Serikat pekerja mendorong manfaat pensiun yang diterima pekerja sektor swasta sama dengan PNS.

Oleh:
ADY
Bacaan 2 Menit
Sekjen OPSI, Timboel Siregar. Foto: SGP
Sekjen OPSI, Timboel Siregar. Foto: SGP
Konfederasi Serikat Pekerja Indonesia (KSPI) mendesak pemerintah jangan diskriminatif dalam menetapkan manfaat pensiun untuk pekerja sektor swasta.

Sekjen KSPI, Muhammad Rusdi, berpendapat besaran manfaat pensiun yang diterima pekerja minimal 75 persen dari upah terakhir. Presentase manfaat pensiun yang diberikan secara berkala kepada pekerja itu sama seperti yang saat ini diterima PNS dan pekerja BUMN.

Untuk mendapat besaran presentase manfaat pensiun itu, dikatakan Rusdi, maka iuran jaminan pensiun sekira 18 persen dari upah. Rinciannya, pekerja membayar iuran 3 persen, pengusaha 12 persen dan pemerintah 3 persen. Dengan presentase itu pekerja swasta mendapat manfaat pensiun seperti PNS. Sehingga, tidak ada diskriminasi dalam pemberian manfaat pensiun kepada pekerja.

“Tidak boleh ada diskriminasi dalam pemberian manfaat pensiun karena pekerja swasta juga sudah berkontribusi setiap bulannya dalam bentuk membayar pajak. Oleh karenanya, wajib bisa hidup layak saat memasuki usia pensiun.” kata Rusdi dalam keterangan pers yang diterima hukumonline, Kamis (4/9).

Rusdi berharap dengan menerima manfaat pensiun 75 persen dari upah terakhir maka pekerja dapat hidup layak ketika pensiun. Desakan itu telah disampaikan KSPI dalam rapat anggota Tripartit Nasional (Tripnas) yang membahas RPP Jaminan Pensiun yang akan digulirkan lewat BPJS Ketenagakerjaan.

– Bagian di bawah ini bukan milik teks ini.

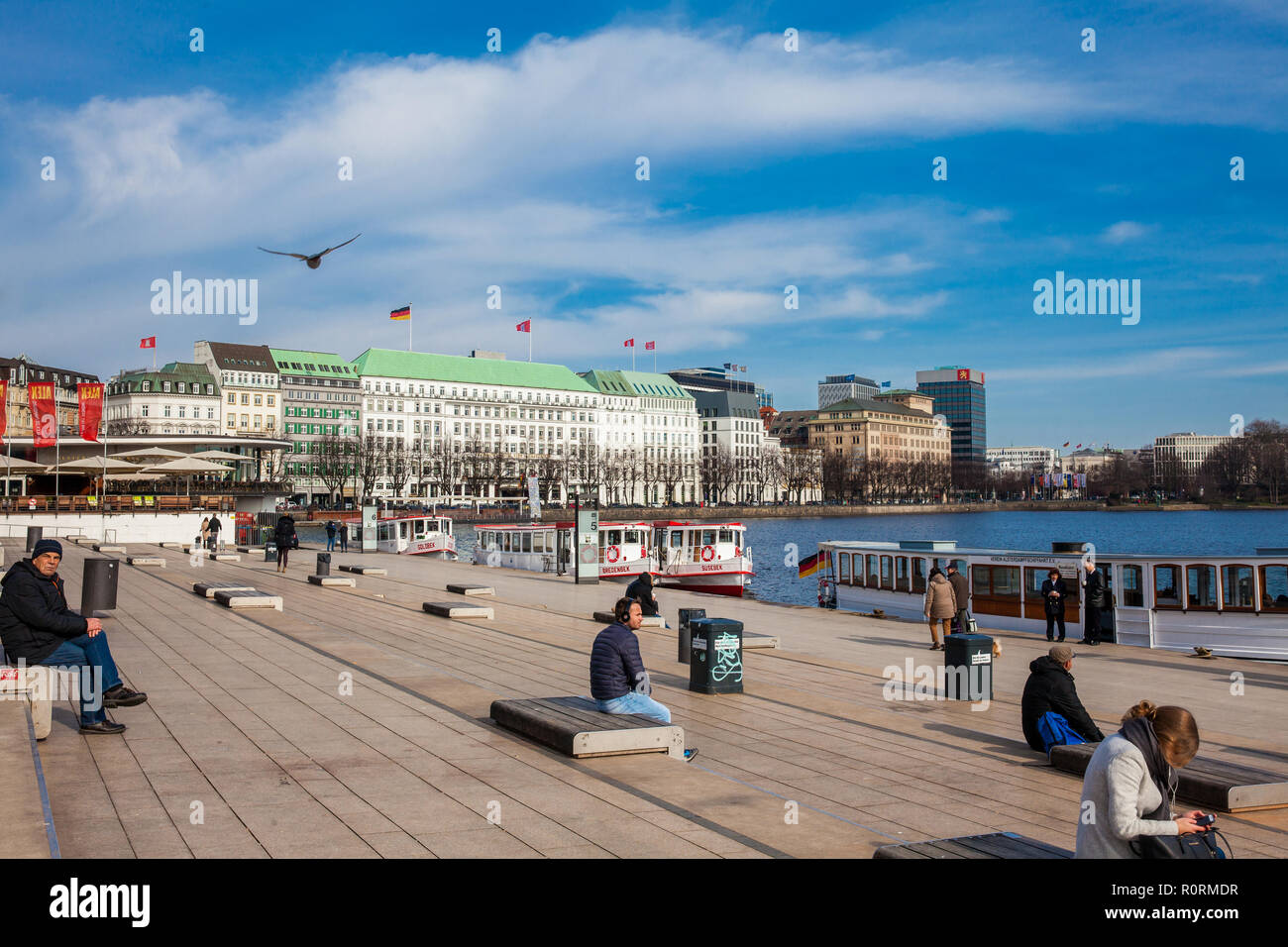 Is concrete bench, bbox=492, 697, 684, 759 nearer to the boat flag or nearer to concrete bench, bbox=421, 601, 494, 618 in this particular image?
concrete bench, bbox=421, 601, 494, 618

Namun dalam rapat tersebut, anggota LKS Tripnas unsur pemerintah dan pengusaha mengusulkan besaran manfaat pensiun hanya 25-30 persen dari upah. Menurutnya, besaran itu tidak layak. Ia pun mengingatkan UU SJSN dan BPJS mengamanatkan jaminan pensiun digelar untuk mempertahankan derajat kehidupan yang layak ketika peserta kehilangan atau berkurang pekerjaannya karena memasuki usia pensiun.

Rusdi menjelaskan parameter hidup layak harus mengacu sebagaimana perhitungan kebutuhan hidup layak (KHL). Yakni harus mendapat memenuhi kebutuhan hidup pekerja dan keluarganya. Seperti makanan, minuman, pakaian, kesehatan, perumahan, pendidikan dan transportasi.

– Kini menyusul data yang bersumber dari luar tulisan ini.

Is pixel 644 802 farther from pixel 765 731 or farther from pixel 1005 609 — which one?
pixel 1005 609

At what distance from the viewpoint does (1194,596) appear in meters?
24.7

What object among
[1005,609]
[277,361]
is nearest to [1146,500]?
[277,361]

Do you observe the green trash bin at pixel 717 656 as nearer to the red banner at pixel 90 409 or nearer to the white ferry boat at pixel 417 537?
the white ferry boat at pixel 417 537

Anggota LKS Tripnas unsur pekerja lainnya, Sahat Butar Butar, menolak usulan pemerintah dan pengusaha yang menginginkan besaran manfaat pensiun hanya 25 persen dari upah. Dengan besaran itu pekerja membayar 3 persen dan pengusaha 5 persen.

Padahal di kawasan Asia Tenggara, rata-rata besaran iuran jaminan pensiun yang dibayar pengusaha lebih dari lima persen. Misalnya, Vietnam 13 persen, China 20 persen, Malaysia 13 persen, Singapura 16 persen. “Iuran dari pengusaha rata-rata diatas 13 persen,” ujarnya.

Terpisah, Sekjen Organisasi Pekerja Seluruh Indonesia (OPSI), Timboel Siregar, mengingatkan peraturan pelaksana BPJS Ketenagakerjaan harus diselesaikan paling lambat dua tahun sejak UU BPJS diterbitkan. Namun, pemerintahan SBY sampai saat ini belum menuntaskan RPP Pensiun.

Jika regulasi itu diterbitkan tidak tepat waktu maka menghambat pelaksanaan program yang digelar BPJS Ketenagakerjaan. Ini mengakibatkan sosialisasi tidak berjalan baik. Sehingga, masyarakat tidak mengetahui program-program yang diselenggarakan BPJS Ketenagakerjaan.

Timboel melihat hal itu terjadi dalam pelaksanaan BPJS Kesehatan, dimana pemerintah telat menerbitkan peraturan pelaksana sehingga berdampak pada pelaksanaan BPJS Kesehatan. “Banyak rakyat yang belum tahu tentang BPJS,” pungkasnya.